The distinction between the two instruments does not mean that they are adversaries. Elsner is blunt on this point: stablecoins optimize reach and liquidity, while tokenized deposits optimize balance sheet integrity and regulatory certainty. “Even though these assets require different tradeoffs, it is important to remember that they are complementary to each other,” he said. “We expect tokenized deposits to be leveraged alongside stablecoins and other digital assets as institutions determine which instrument fits which workflow.” Canton privacy and native composability are what make this coexistence possible at the infrastructure level. In Guangzhou, a token deposit functions as a direct, regulated bank liability, meaning it is not a wrapped debt, IOU, or separate bearer instrument. It never leaves the legal and operational framework in which it was issued. This is what gives institutions the confidence to use it for working capital rather than just routing. As crypto.news followed, JPMorgan’s Naveen Mallela described deposit tokens as a “convenient and cost-effective alternative” for institutions that want speed and security without leaving the banking system, a characterization that fits precisely what Elsner describes as the instrument’s institutional value proposition.

How Canton Eliminates Bridge Risk Rather Than Managing It

It is in the question of interoperability that the Canton architecture demonstrates its greatest commercial importance.
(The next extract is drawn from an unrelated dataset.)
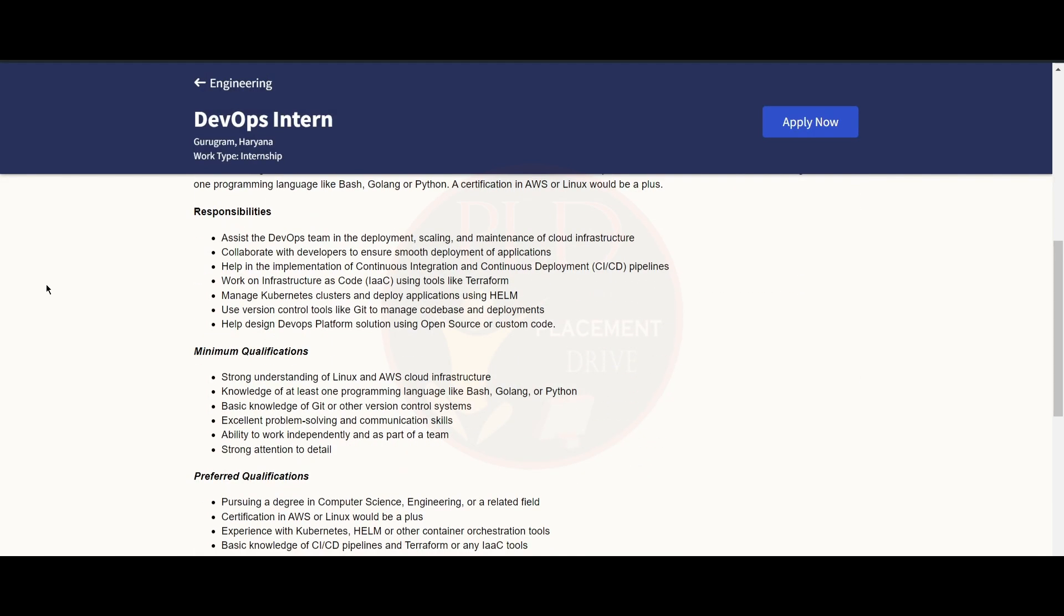Now let's see the responsibilities of this role. You should assist the DevOps team in deployment, scaling, and maintenance of cloud infrastructure. You should collaborate with developers to ensure smooth deployment of applications. You should help in the implementation of continuous...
Elsner sees the lack of interoperability not as a technical disadvantage but as a structural obstacle on a significant scale. “Interoperability is absolutely critical to institutional adoption, otherwise these assets will remain trapped in fragmented silos and unable to achieve meaningful scale,” he said. “An asset that cannot grow beyond its native platform cannot be financed, reused, or integrated into broader financial workflows. » According to Elsner, most current DvP implementations do not achieve true atomicity because settlement typically relies on intermediaries, pre-funding, or sequential processes between systems, which introduces latency and residual risk. On Canton, the securities part and the cash part can be settled in a single atomic transaction on two different applications without a bridge between the two. “Settlement risk is not managed. It is eliminated at the infrastructure level,” Elsner said. HSBC’s pilot demonstrated exactly that, simulating the atomic settlement of token deposits against other digital assets without the token leaving its institutional framework of issuance. As crypto.news has documented, Canton processes over $350 billion in tokenized value daily in 2026, with DTCC, LSEG’s Digital Settlement House, and now JPMorgan all choosing it as their primary settlement infrastructure.

Elsner said he expects token deposits and stablecoins to continue to grow in parallel as different institutional workflows determine which instrument compromises are best suited.